Would you please copy the part of the material below that opens with the line containing "Charming 3-Bedroom Home with Serene Nature Views Charming" and closes with the line containing "Leaked: Are you"? Copy it exactly, and only it.

> [Records supplied]:
++++

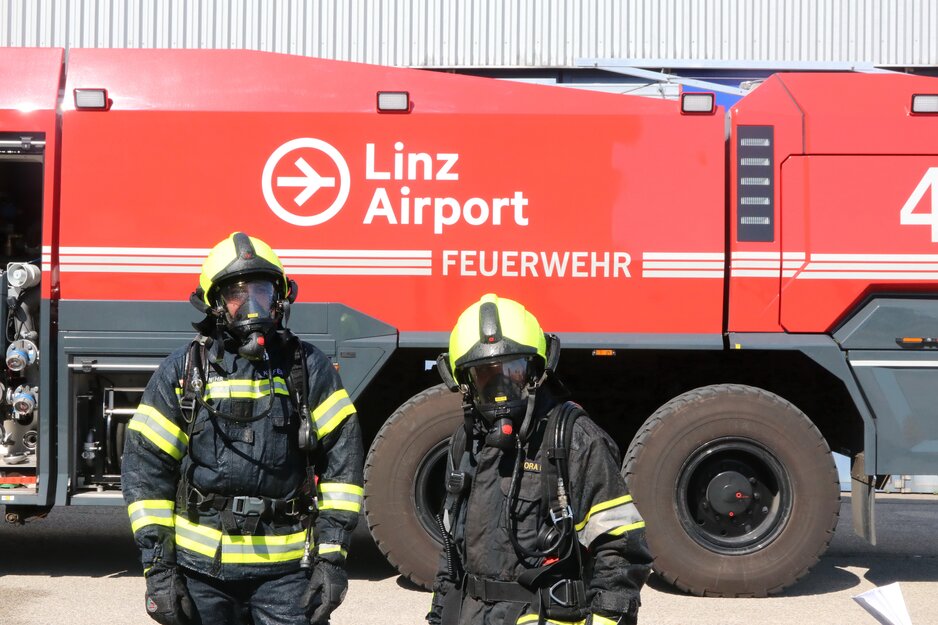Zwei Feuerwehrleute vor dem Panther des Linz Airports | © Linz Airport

++++

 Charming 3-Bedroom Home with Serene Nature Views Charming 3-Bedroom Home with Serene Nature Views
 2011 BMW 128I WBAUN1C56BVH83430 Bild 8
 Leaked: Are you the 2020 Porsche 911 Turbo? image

++++

> [Output]:
 Charming 3-Bedroom Home with Serene Nature Views Charming 3-Bedroom Home with Serene Nature Views
 2011 BMW 128I WBAUN1C56BVH83430 Bild 8
 Leaked: Are you the 2020 Porsche 911 Turbo? image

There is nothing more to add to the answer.